Micron taps UK nous
1 min read
Driven by demand from the consumer electronics market for image sensors with greater pixel counts and higher frame rates, Micron has expanded its Japan Image Design Centre (JIDC) in Tokyo.
According to JIDC head Junichi Nakamura, the centre has more than 20 engineers designing image sensors, aimed predominantly at high end digital still cameras and digital camcorders. "The market is demanding higher pixel counts and higher frame rates," he confirmed. "The pixel war is continuing."
In a move to bring these developments to market more quickly, Micron's UK Image Design Centre in Bracknell is collaborating closely with its Japanese counterpart.
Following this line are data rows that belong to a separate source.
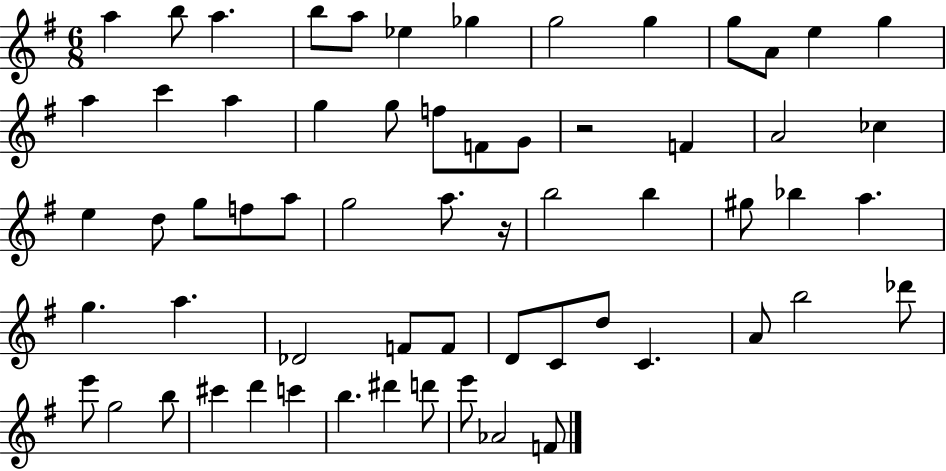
X:1
T:Untitled
M:6/8
L:1/4
K:G
a b/2 a b/2 a/2 _e _g g2 g g/2 A/2 e g a c' a g g/2 f/2 F/2 G/2 z2 F A2 _c e d/2 g/2 f/2 a/2 g2 a/2 z/4 b2 b ^g/2 _b a g a _D2 F/2 F/2 D/2 C/2 d/2 C A/2 b2 _d'/2 e'/2 g2 b/2 ^c' d' c' b ^d' d'/2 e'/2 _A2 F/2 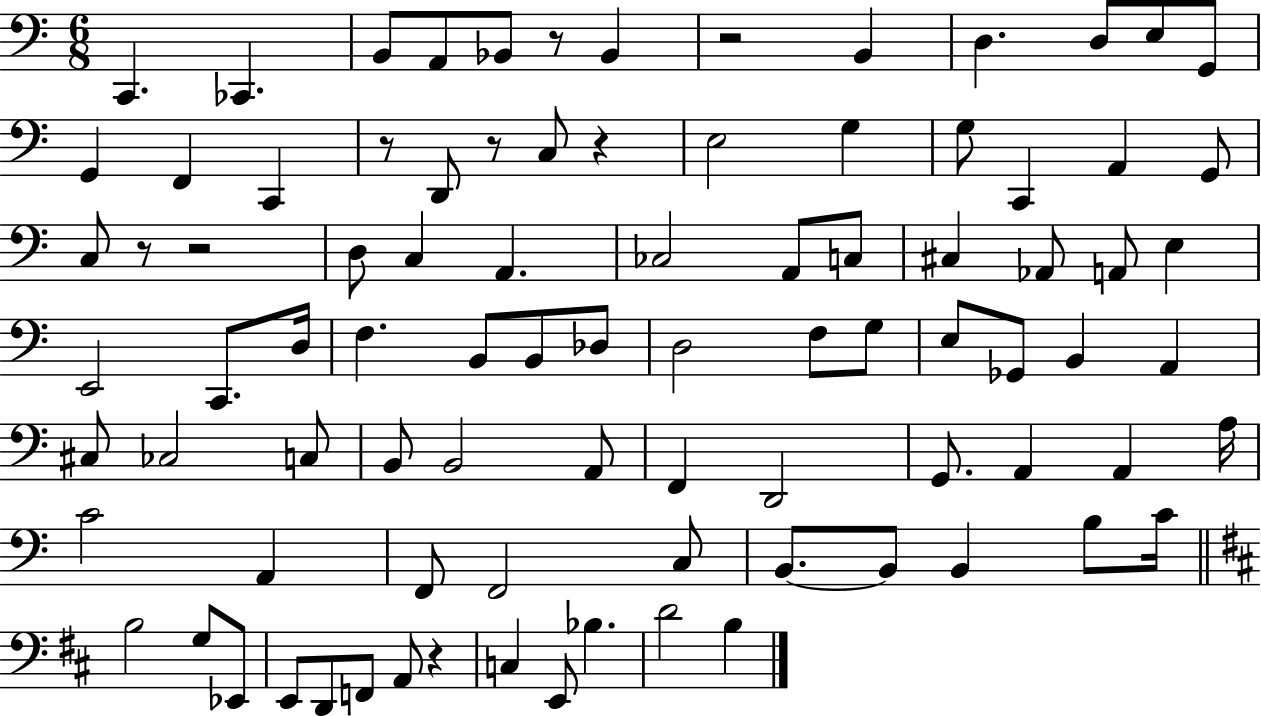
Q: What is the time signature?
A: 6/8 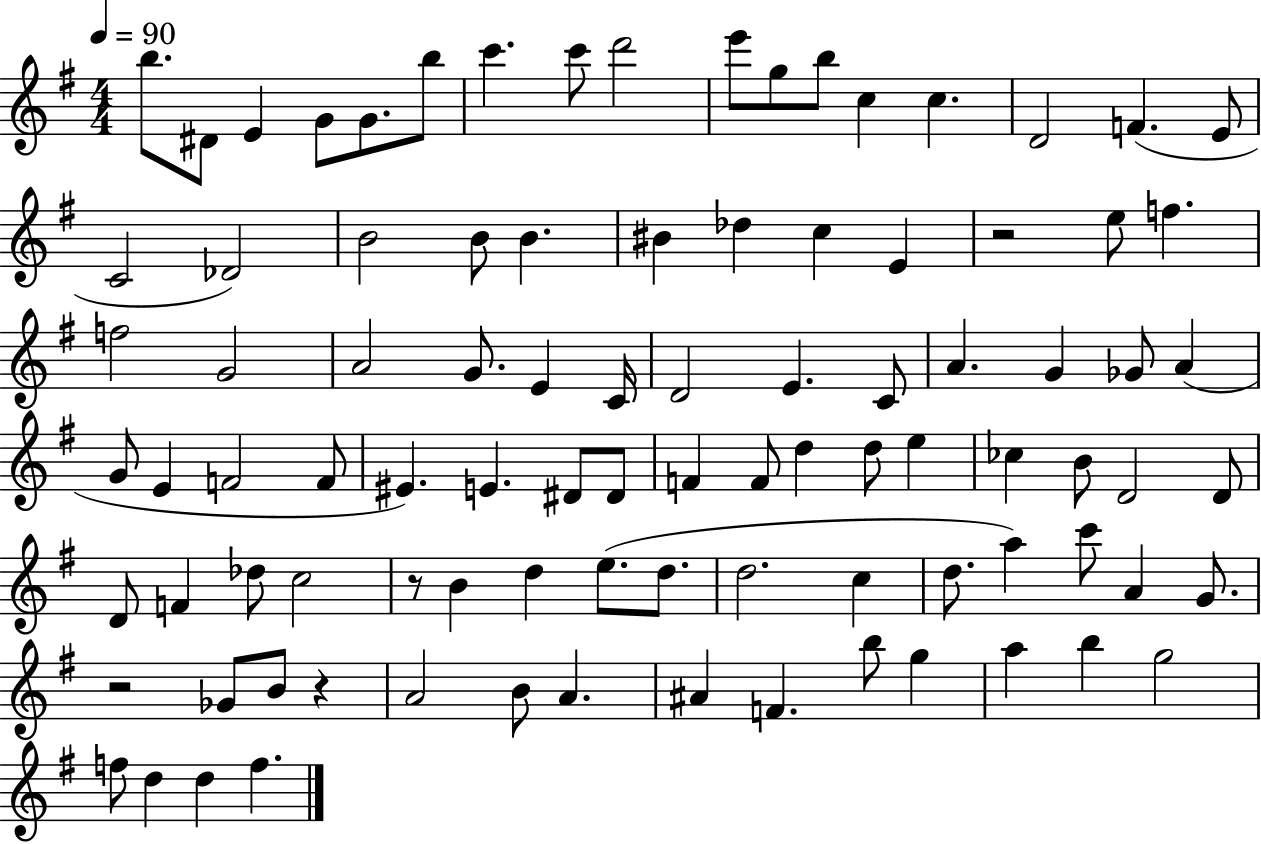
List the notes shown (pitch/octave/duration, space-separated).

B5/e. D#4/e E4/q G4/e G4/e. B5/e C6/q. C6/e D6/h E6/e G5/e B5/e C5/q C5/q. D4/h F4/q. E4/e C4/h Db4/h B4/h B4/e B4/q. BIS4/q Db5/q C5/q E4/q R/h E5/e F5/q. F5/h G4/h A4/h G4/e. E4/q C4/s D4/h E4/q. C4/e A4/q. G4/q Gb4/e A4/q G4/e E4/q F4/h F4/e EIS4/q. E4/q. D#4/e D#4/e F4/q F4/e D5/q D5/e E5/q CES5/q B4/e D4/h D4/e D4/e F4/q Db5/e C5/h R/e B4/q D5/q E5/e. D5/e. D5/h. C5/q D5/e. A5/q C6/e A4/q G4/e. R/h Gb4/e B4/e R/q A4/h B4/e A4/q. A#4/q F4/q. B5/e G5/q A5/q B5/q G5/h F5/e D5/q D5/q F5/q. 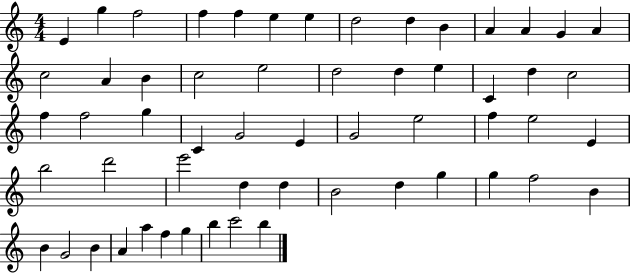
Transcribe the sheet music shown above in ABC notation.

X:1
T:Untitled
M:4/4
L:1/4
K:C
E g f2 f f e e d2 d B A A G A c2 A B c2 e2 d2 d e C d c2 f f2 g C G2 E G2 e2 f e2 E b2 d'2 e'2 d d B2 d g g f2 B B G2 B A a f g b c'2 b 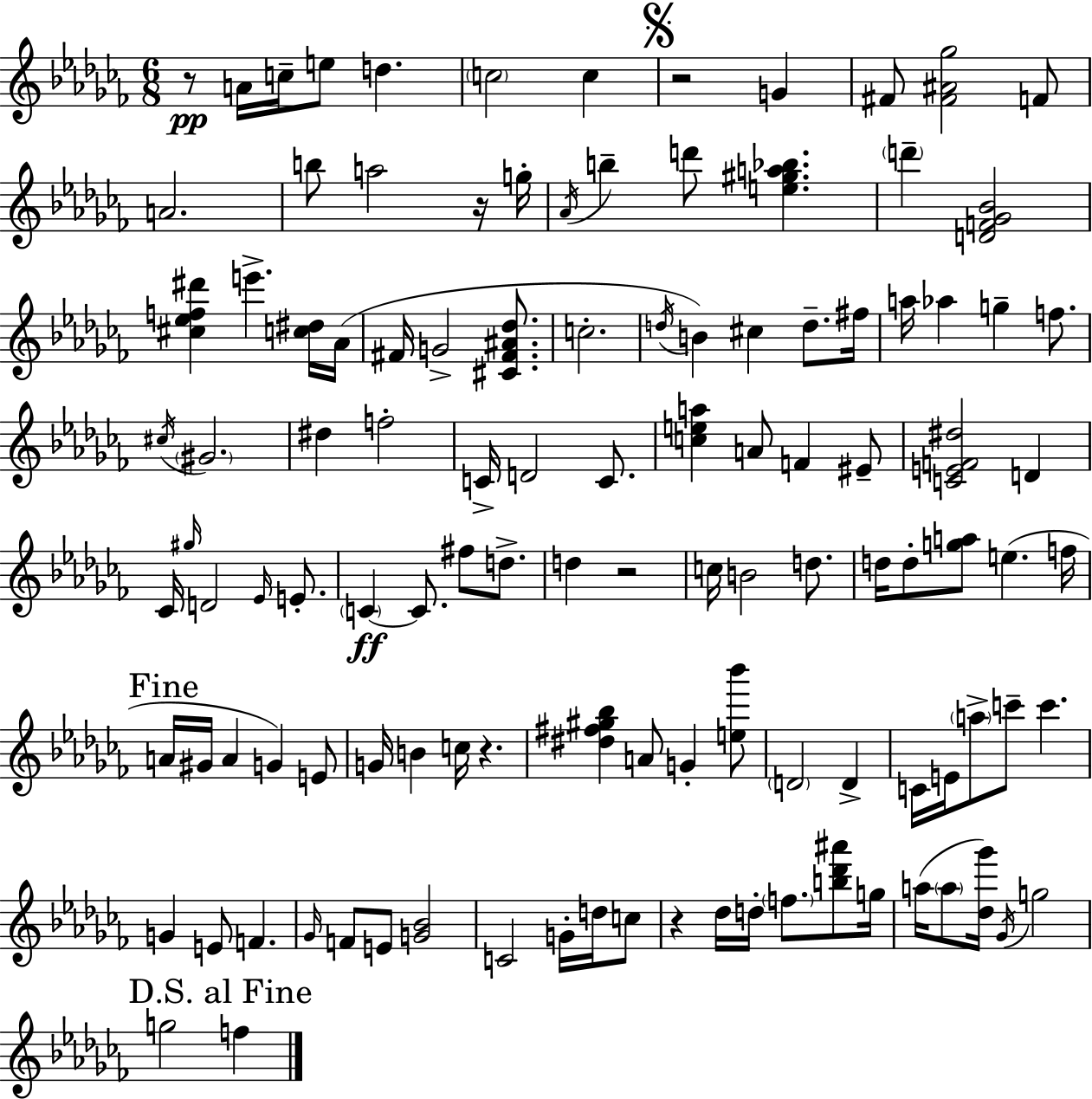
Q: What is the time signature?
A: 6/8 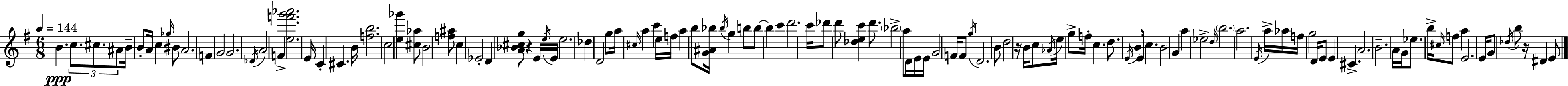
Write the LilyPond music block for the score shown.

{
  \clef treble
  \numericTimeSignature
  \time 6/8
  \key g \major
  \tempo 4 = 144
  b'4.\ppp \tuplet 3/2 { c''8. cis''8. | ais'8 } b'16-- b'8-. a'16 c''4 \grace { ges''16 } bis'8 | a'2. | f'4 g'2 | \break g'2. | \acciaccatura { des'16 } a'2 f'4-> | <e'' f''' g''' aes'''>2. | e'16 c'4-. cis'4. | \break b'16 <f'' b''>2. | c''2 <e'' ges'''>4 | <cis'' aes''>8 b'2 | <f'' ais''>8 c''4 ees'2-. | \break d'4 <a' bes' cis'' g''>8 r4 | e'16 \acciaccatura { e''16 } e'16 e''2. | des''4 d'2 | g''8 a''16 \grace { cis''16 } a''4 c'''4 | \break e''16 f''16 a''4 b''8 <g' ais' bes''>16 | \acciaccatura { bes''16 } g''4 b''8 b''8~~ b''4 | c'''4 d'''2. | c'''16 des'''8 d'''8 <des'' e'' c'''>4 | \break d'''8. \parenthesize bes''2-> | a''8 d'16 e'16 e'16 g'2 | f'16 f'8 \acciaccatura { g''16 } d'2. | b'8 d''2 | \break r16 b'16 c''8 \acciaccatura { aes'16 } e''16 g''8-> | f''16-. c''4. d''8. \acciaccatura { e'16 } b'8 | e'16 c''4. b'2 | g'4 a''4 | \break ees''2-> \grace { d''16 } \parenthesize b''2. | a''2. | \acciaccatura { e'16 } a''16-> aes''16 | f''16 g''2 d'16 e'8 | \break e'4 cis'4.-> a'2. | b'2.-- | a'16 g'16 | ees''8. b''16-> \grace { cis''16 } f''8 a''4 e'2. | \break e'16 | g'8 \acciaccatura { des''16 } b''8 r16 dis'4 e'8 | \bar "|."
} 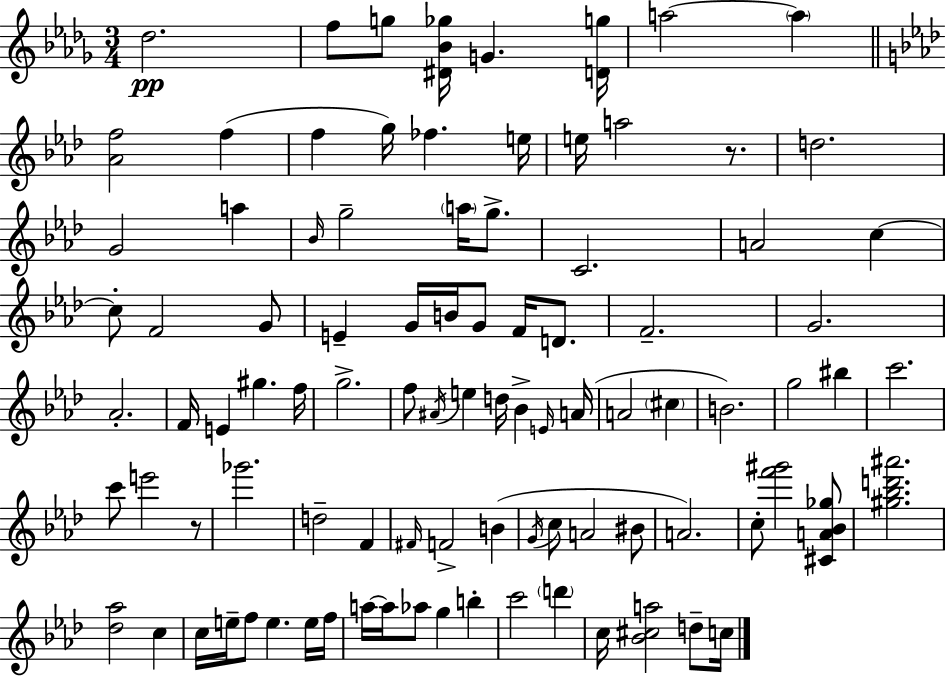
Db5/h. F5/e G5/e [D#4,Bb4,Gb5]/s G4/q. [D4,G5]/s A5/h A5/q [Ab4,F5]/h F5/q F5/q G5/s FES5/q. E5/s E5/s A5/h R/e. D5/h. G4/h A5/q Bb4/s G5/h A5/s G5/e. C4/h. A4/h C5/q C5/e F4/h G4/e E4/q G4/s B4/s G4/e F4/s D4/e. F4/h. G4/h. Ab4/h. F4/s E4/q G#5/q. F5/s G5/h. F5/e A#4/s E5/q D5/s Bb4/q E4/s A4/s A4/h C#5/q B4/h. G5/h BIS5/q C6/h. C6/e E6/h R/e Gb6/h. D5/h F4/q F#4/s F4/h B4/q G4/s C5/e A4/h BIS4/e A4/h. C5/e [F6,G#6]/h [C#4,A4,Bb4,Gb5]/e [G#5,Bb5,D6,A#6]/h. [Db5,Ab5]/h C5/q C5/s E5/s F5/e E5/q. E5/s F5/s A5/s A5/s Ab5/e G5/q B5/q C6/h D6/q C5/s [Bb4,C#5,A5]/h D5/e C5/s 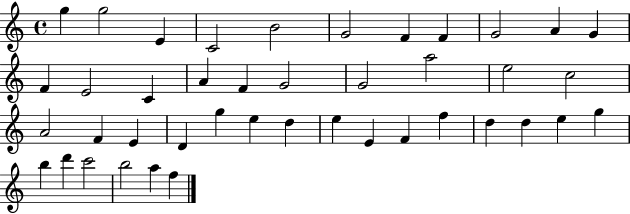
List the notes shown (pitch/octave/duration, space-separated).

G5/q G5/h E4/q C4/h B4/h G4/h F4/q F4/q G4/h A4/q G4/q F4/q E4/h C4/q A4/q F4/q G4/h G4/h A5/h E5/h C5/h A4/h F4/q E4/q D4/q G5/q E5/q D5/q E5/q E4/q F4/q F5/q D5/q D5/q E5/q G5/q B5/q D6/q C6/h B5/h A5/q F5/q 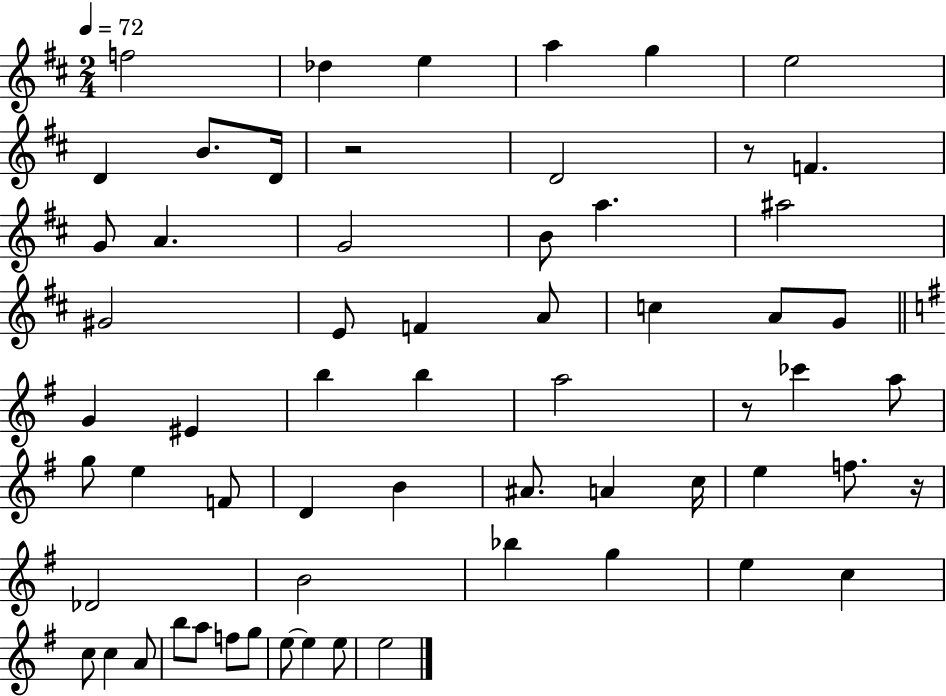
X:1
T:Untitled
M:2/4
L:1/4
K:D
f2 _d e a g e2 D B/2 D/4 z2 D2 z/2 F G/2 A G2 B/2 a ^a2 ^G2 E/2 F A/2 c A/2 G/2 G ^E b b a2 z/2 _c' a/2 g/2 e F/2 D B ^A/2 A c/4 e f/2 z/4 _D2 B2 _b g e c c/2 c A/2 b/2 a/2 f/2 g/2 e/2 e e/2 e2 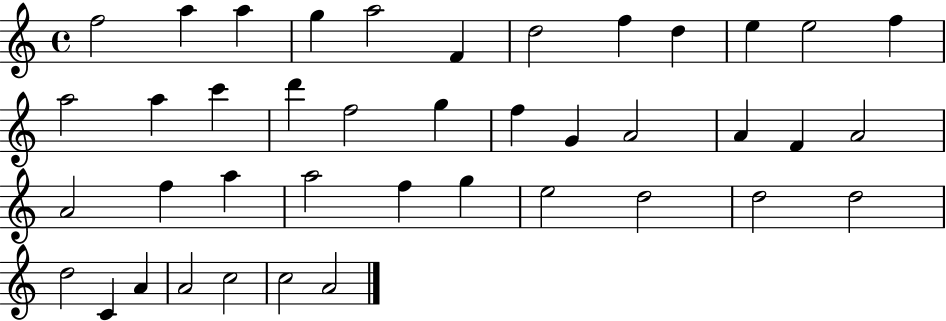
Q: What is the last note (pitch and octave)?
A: A4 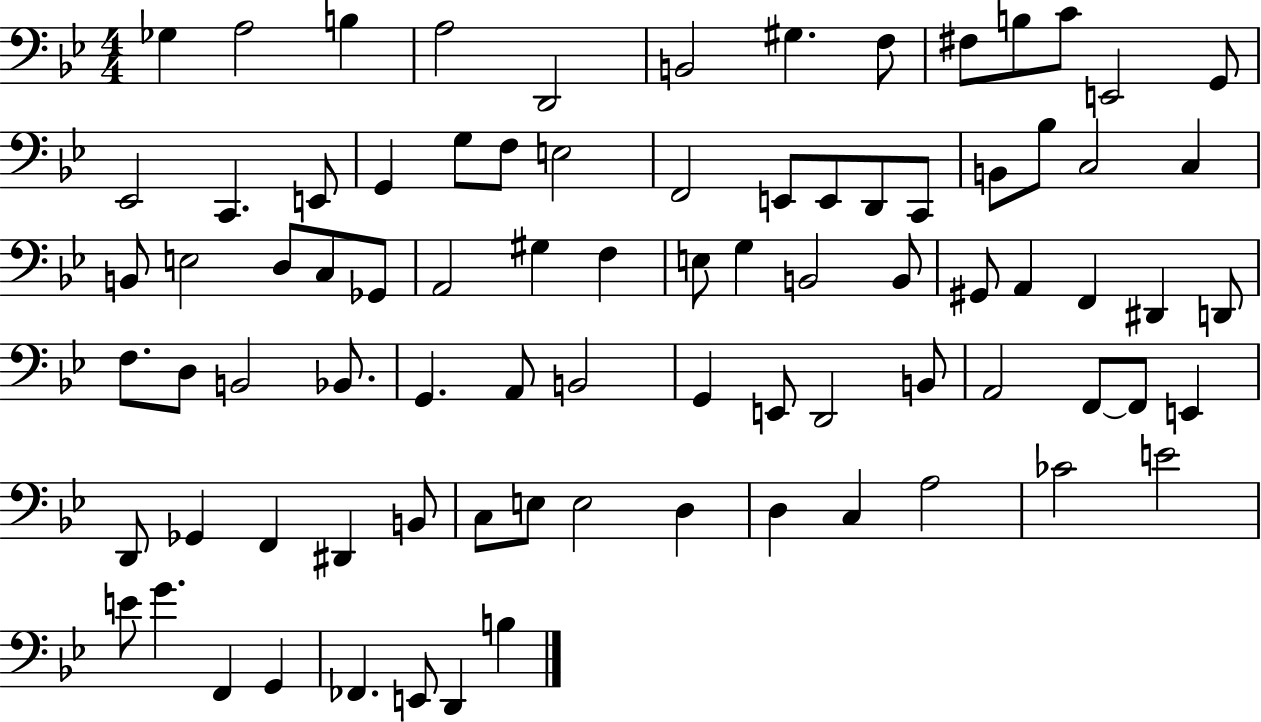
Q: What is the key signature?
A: BES major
Director Dr David Burrows, pictured, said his centre has teams developing circuit IP and logic IP. "They are developing reusable libraries," he noted, "and this IP can be used by Japan." In fact, Bracknell developed IP has been used by Micron teams around the world.
One area the Bracknell team is working on is high speed data transfer. "Image sensors are sensitive to noise and so on," Dr Burrows explained. "If you drive high frame rate data off chip over a parallel cmos interface, you'll get picture degradation. What we've done is to develop a high speed interface which gets data off the chip at Gbit/s rates with very little degradation."
Having developed sensors with 1.4µm pixels, Micron is now researching smaller dimensions. "Our challenge is to maintain picture quality," Dr Burrows continued, "as we approach optical limits where you can almost count the number of electrons in a pixel."